Saturday, October 30, 2010

Those Dangerous Foods




I am often asked when it is safe to introduce foods such as eggs, peanuts, and fish to an infant.  These foods can cause allergic reactions in some children, so parents are understandably anxious about introducing them to their infant or toddler.  My answer:  it is safe when she is old enough to eat it without choking on it. 

Choking?  What about the allergy risk?  Well, we just do not know when is the right time to introduce foods that may cause allergic reactions.  Despite the strong opinions you might encounter on the topic, there is very little scientific evidence that delaying the introduction of a certain food will decrease the chance of having an allergic reaction.  In fact, there is some evidence, although not conclusive, that early introduction of a food may actually decrease the risk of developing an allergy to that food. 

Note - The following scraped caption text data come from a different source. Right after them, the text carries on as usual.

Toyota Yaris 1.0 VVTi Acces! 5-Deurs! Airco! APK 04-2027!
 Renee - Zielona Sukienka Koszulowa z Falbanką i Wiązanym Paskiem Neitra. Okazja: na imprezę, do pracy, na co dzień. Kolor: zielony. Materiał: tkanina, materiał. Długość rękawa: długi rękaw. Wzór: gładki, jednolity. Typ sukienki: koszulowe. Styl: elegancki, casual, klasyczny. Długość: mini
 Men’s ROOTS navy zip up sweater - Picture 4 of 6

In 2000, the American Academy of Pediatrics recommended withholding foods such as peanuts and shellfish until a child was 2-3 years old.  The AAP also recommended that pregnant women and breast feeding mothers avoid these foods.  In 2008, the AAP revised this recommendation, stating that there is little evidence that the previous recommendations made any difference. 

Everyone has an opinion, and this is mine.  After 12 months old, I give parents free reign to introduce any foods that the parent eats.  I also warn parents to use common sense in terms of choking hazards.  Is it possible the child may have an allergic reaction to peanut butter?  Yes, but it is also possible the family could be in an auto accident driving home from the grocery store where they purchased the peanut butter.  There is risk to everything we do.  It is important to realize that delaying the food does not affect this risk.

If there is a family history of severe allergic reactions to foods, I may tailor my recommendations a little.  There are rare cases where I will recommend allergy testing before giving a child a certain food because of previous reactions or family history.  For most families, I recommend what I have done with my own children.  After a year old, if I am eating it, he or she can eat it.